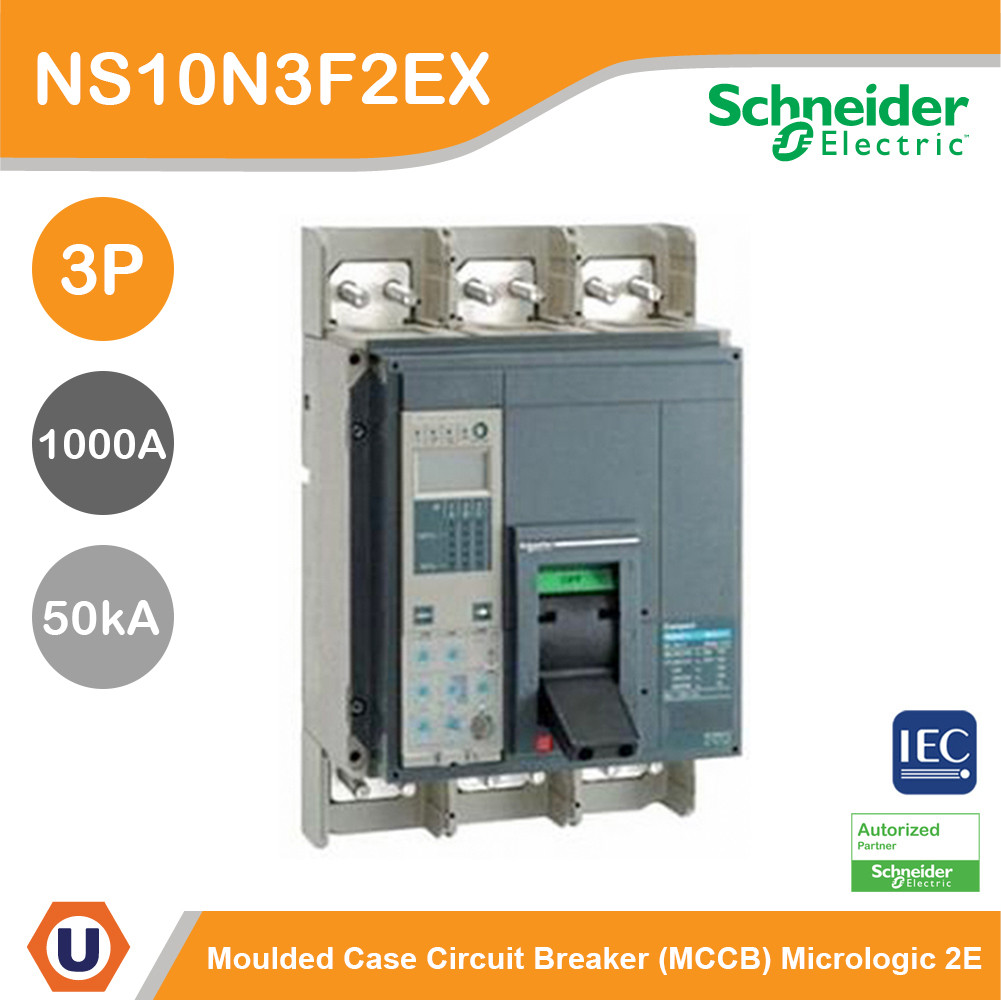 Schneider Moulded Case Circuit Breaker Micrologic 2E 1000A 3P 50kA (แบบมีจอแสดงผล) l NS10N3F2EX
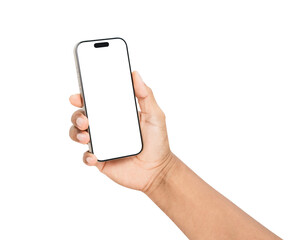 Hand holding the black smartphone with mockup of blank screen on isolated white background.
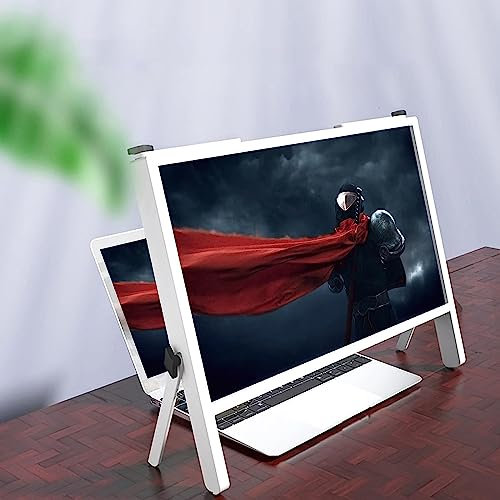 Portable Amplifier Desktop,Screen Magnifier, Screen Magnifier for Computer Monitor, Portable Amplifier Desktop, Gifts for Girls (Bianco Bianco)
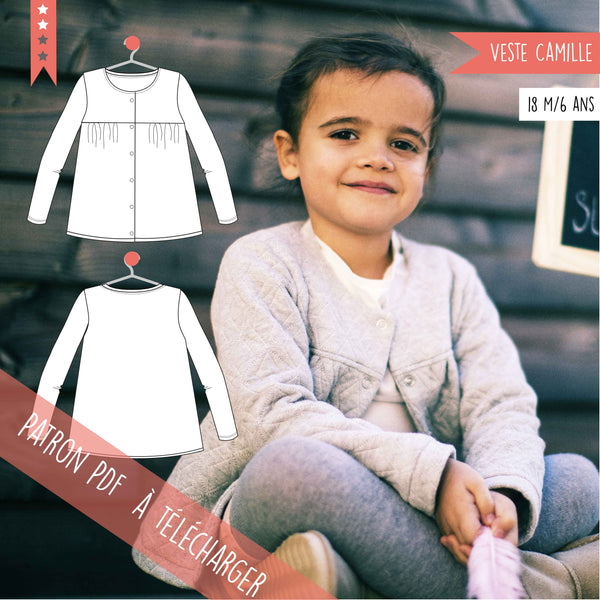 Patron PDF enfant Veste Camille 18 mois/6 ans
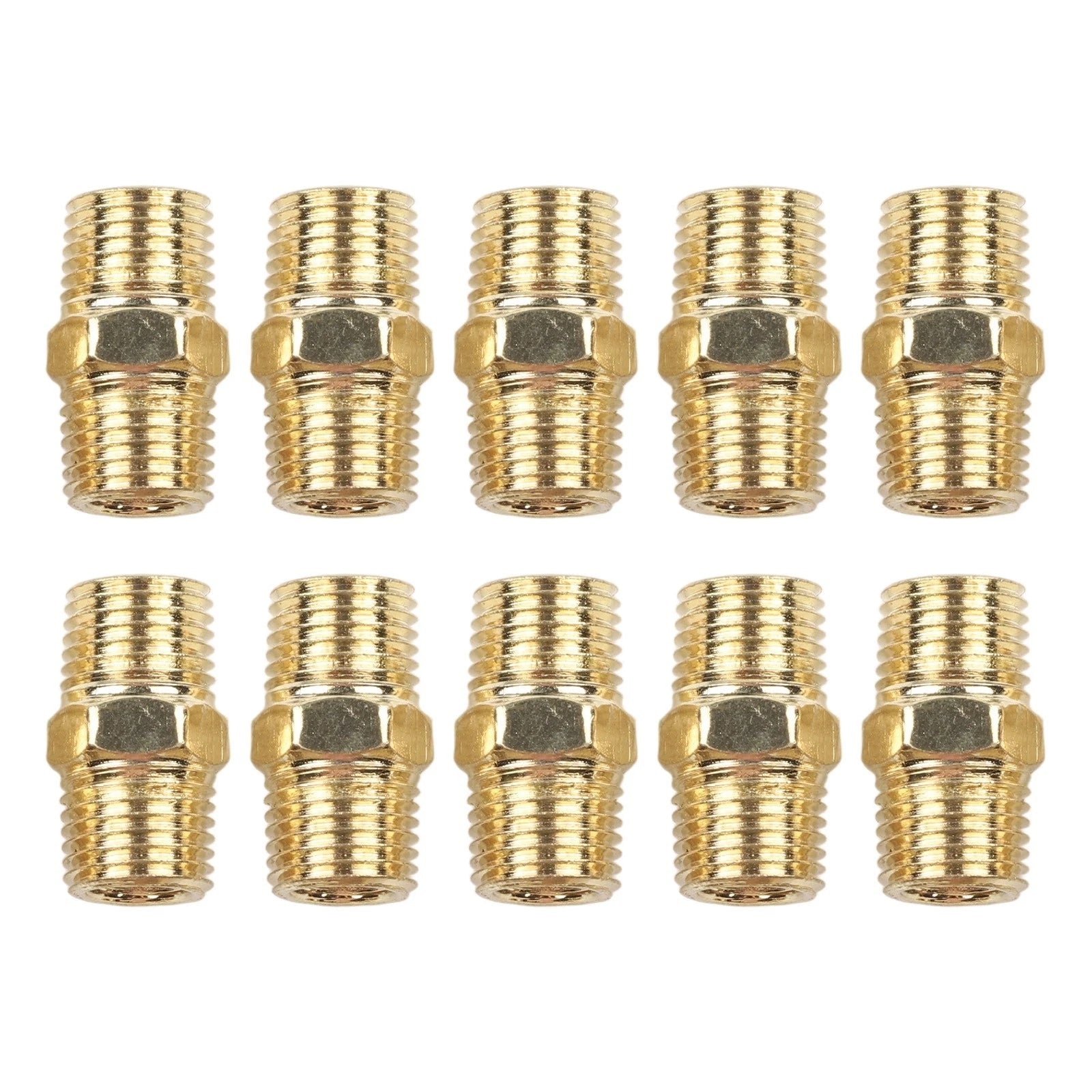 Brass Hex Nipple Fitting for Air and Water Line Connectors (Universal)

____

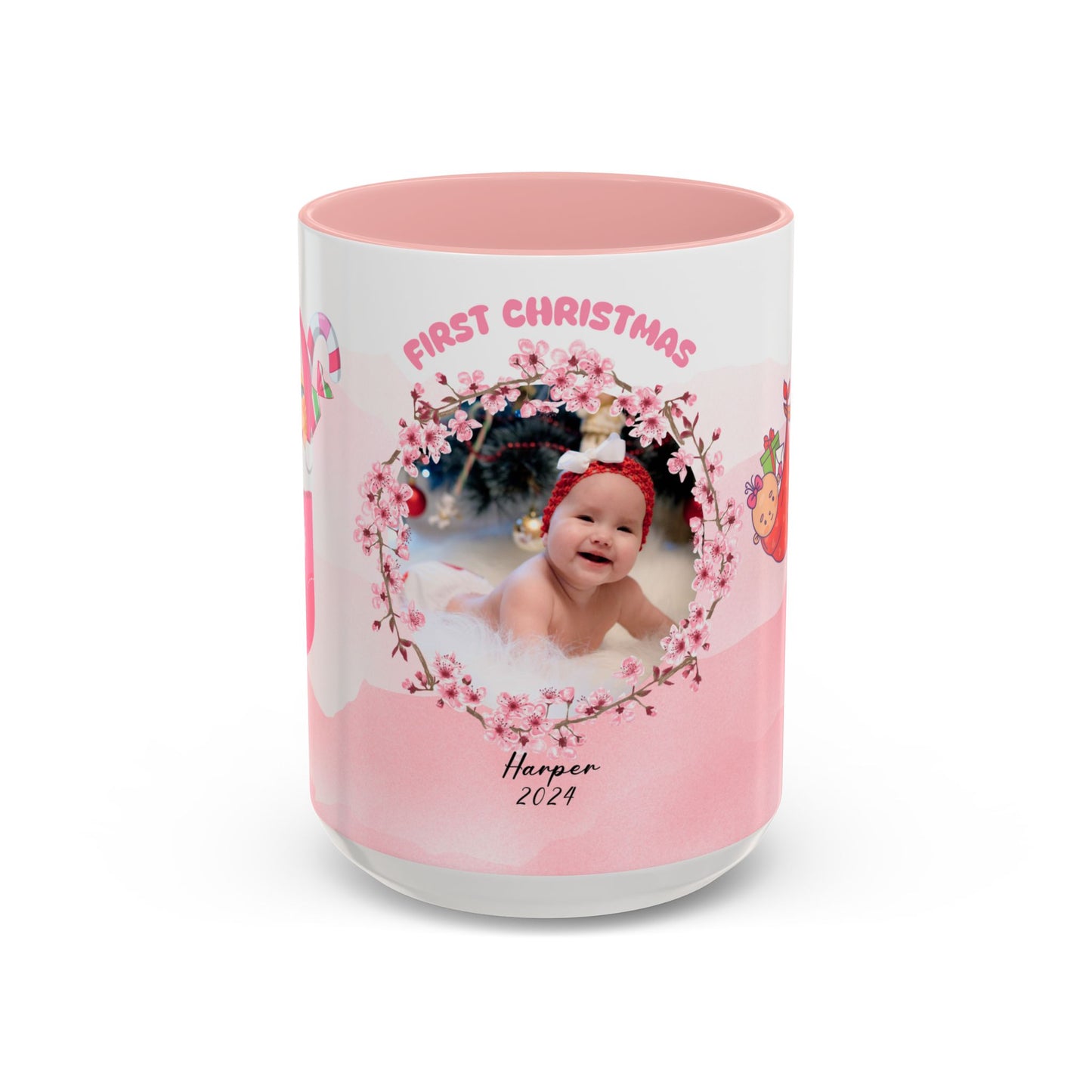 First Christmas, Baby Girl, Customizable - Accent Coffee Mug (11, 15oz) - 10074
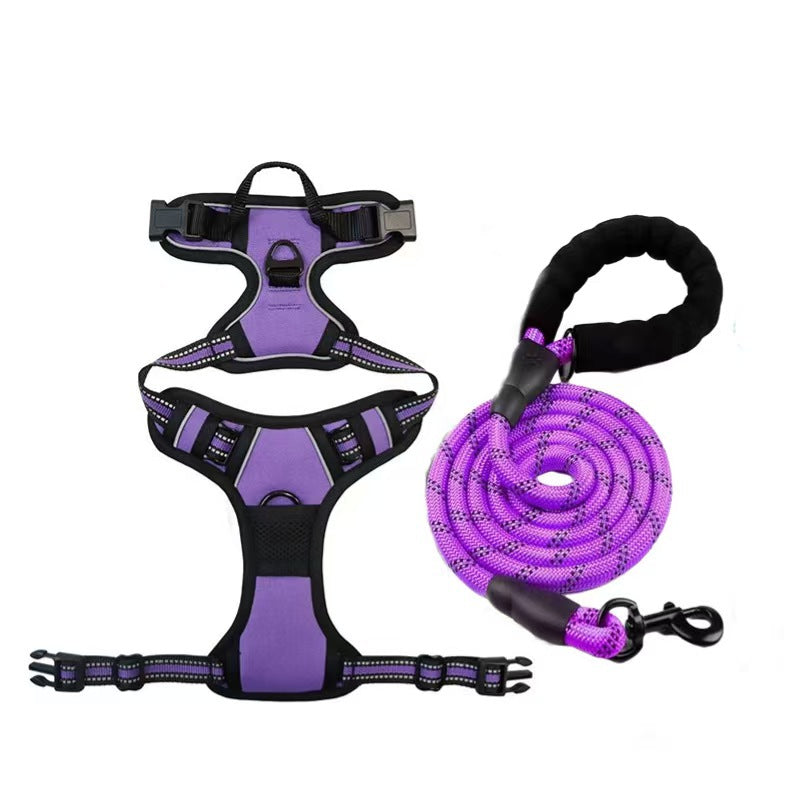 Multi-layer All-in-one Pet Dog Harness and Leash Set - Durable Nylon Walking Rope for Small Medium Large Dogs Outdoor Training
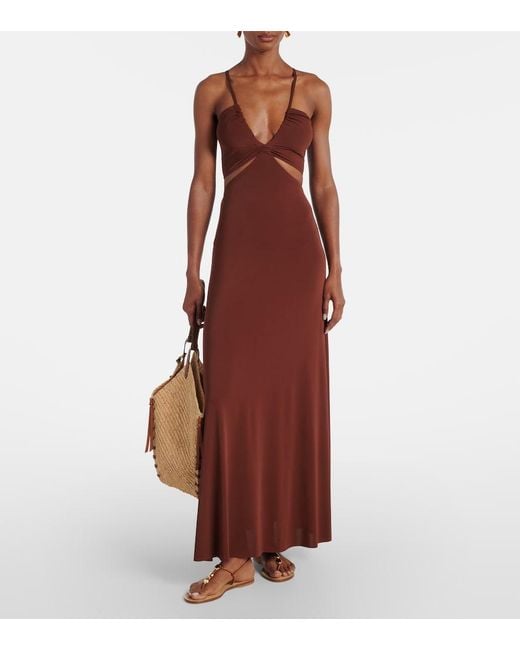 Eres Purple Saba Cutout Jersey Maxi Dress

____

Exercise directions ▸ Copy word for word the span of the records above that begins at the line with "Multi-layer All-in-one Pet" and ends at the line with "Eres Purple Saba Cutout Jersey Maxi Dress", including those two lines but not the pictures.

Output for this task ▸
 Multi-layer All-in-one Pet Dog Harness and Leash Set - Durable Nylon Walking Rope for Small Medium Large Dogs Outdoor Training
 Eres Purple Saba Cutout Jersey Maxi Dress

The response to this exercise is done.